Mattes baut seine Vorträge gern in Bildern auf – und das versuchen wir hier auch einmal: Im Gegensatz zu seinem Vorgänger, der direkt aus der Politik ins Präsidentenamt wechselte und in Berlin bestens vernetzt war, kam Mattes aus der Industrie - und aus Köln. Und war bei Ford als dezenter, aber zielstrebiger Jongleur zwischen den Interessen von Ford Europa und den Vorgaben aus Dearborn bekannt. Sowohl in Köln als auch in den USA herrscht trotz teils großer kultureller Unterschiede eine gewisse Grundlässigkeit vor – auch wenn es überm Atlantik manchmal heftige Stürme gab: Doch die lag Mattes und so konnte er Ford auch gut durch schwerste Böen steuern.

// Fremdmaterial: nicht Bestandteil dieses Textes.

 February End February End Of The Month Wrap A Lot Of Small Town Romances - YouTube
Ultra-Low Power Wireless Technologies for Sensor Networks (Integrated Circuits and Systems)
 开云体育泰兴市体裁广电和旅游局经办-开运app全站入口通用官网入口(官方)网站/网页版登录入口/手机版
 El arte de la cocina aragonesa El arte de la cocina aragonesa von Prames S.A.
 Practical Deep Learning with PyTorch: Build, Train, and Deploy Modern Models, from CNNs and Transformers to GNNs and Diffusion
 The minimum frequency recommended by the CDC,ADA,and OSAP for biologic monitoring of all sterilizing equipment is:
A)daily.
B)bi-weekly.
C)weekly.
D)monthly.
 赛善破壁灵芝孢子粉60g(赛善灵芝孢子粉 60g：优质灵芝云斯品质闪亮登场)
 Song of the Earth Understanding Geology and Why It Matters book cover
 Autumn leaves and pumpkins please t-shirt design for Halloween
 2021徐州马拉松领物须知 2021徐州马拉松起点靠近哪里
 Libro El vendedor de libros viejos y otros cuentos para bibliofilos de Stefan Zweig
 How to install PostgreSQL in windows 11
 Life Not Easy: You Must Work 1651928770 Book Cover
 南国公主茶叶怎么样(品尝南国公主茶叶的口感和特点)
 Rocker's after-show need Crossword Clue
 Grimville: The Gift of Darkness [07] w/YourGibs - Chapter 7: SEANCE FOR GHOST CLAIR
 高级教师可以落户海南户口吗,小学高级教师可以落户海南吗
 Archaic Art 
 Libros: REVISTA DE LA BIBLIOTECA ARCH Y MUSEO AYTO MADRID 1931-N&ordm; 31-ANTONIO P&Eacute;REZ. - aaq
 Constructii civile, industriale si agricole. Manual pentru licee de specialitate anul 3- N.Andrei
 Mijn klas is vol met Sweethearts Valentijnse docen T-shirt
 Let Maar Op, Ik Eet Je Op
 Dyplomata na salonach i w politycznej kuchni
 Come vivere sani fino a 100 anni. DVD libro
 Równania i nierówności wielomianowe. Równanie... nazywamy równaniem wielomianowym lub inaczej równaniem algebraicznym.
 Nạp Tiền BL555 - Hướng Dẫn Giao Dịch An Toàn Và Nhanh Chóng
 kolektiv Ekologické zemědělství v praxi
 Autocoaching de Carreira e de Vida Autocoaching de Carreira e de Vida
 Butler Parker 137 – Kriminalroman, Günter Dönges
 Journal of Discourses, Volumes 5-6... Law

Vorwurf: "Defizite in der politischen Unterstützung"
In der Politik zählen jedoch andere Werte und der Verbandspräsident des VDA muss manchmal ein extrem starkes Scharnier aus verschiedensten Interessen sein, das Autoindustrie und Politik trotzdem verbindet. Und da hat erst der „Spiegel“ unter Berufung auf einen hochrangigen Automanager berichtet, dass es „Defizite in der politischen Unterstützung“ für die Industrie gab. Zumal sich der Wind auch noch um 180 Grad gedreht hat und Teile der Industrie seit dieser IAA die Schlagzahl Richtung CO2-Vermeidung massiv erhöht haben und deshalb von der Politik keine direkte Drosselung des Tempos mehr fordert, sondern im Gegenteil: Einen massiven Ausbau der Infrastruktur. Doch hier war Mattes nie die laute Stimme, die bestimmt auf den Tisch haute oder das laut quietschende, aber starke und nötige Scharnier zwischen beiden Lagern. Noch auf dieser IAA zitierte er am Webasto-Stand den Boxkommentator Michael Buffer, der den Ausspruch prägte: „Let’s get ready to rumble!“, was soviel heißt wie: „Gebt Vollgas!“ oder „Lasst den Kampf beginnen!“
Trotzdem: Wer Mattes genauer kannte oder beobachtet hat, konnte den Unterschied zwischen seinem letzten Jahr bei Ford und dem letzten Jahr als Präsident des VDA wahrnehmen - wenn auch nur dezent zwischen den Zeilen. Und es lag schon die Frage auf der Zunge, welcher Job für ihn wohl schwieriger sei - Ford-Chef in Deutschland oder VDA-Präsident – Vermittlungsgeschick und Fingerspitzengefühl ist in beiden Fällen gefragt. Mit der Bekanntgabe seines Rücktritts zum Jahresende hat Bernhard Mattes die Frage beantwortet.
LOGISTRA-Kommentar:
Am Eröffnungstag der IAA den Rücktritt als VDA-Präsident bekanntzugeben, das ist eine der großen Stories dieser IAA, die tatsächlich spannender werden dürfte als die meisten Automobilausstellungen zuvor. Was der holprige Start der Messe aber auch beweist: Der disruptive Wandel in Gesellschaft und Industrie ist in vollem Gange und wird nicht nur von der Presse herbeigeschrieben. Und es braucht jetzt extrem starke und gleichzeitig besonnene Lenker, um ihn zu meistern. Wie es auch gehen könnte, bewiesen auf der Me-Konferenz, die auch auf der IAA stattfindet, Daimler-CEO Ola Källenius in der Diskussion mit Bündnis-90-Grünen-Chef Habeck.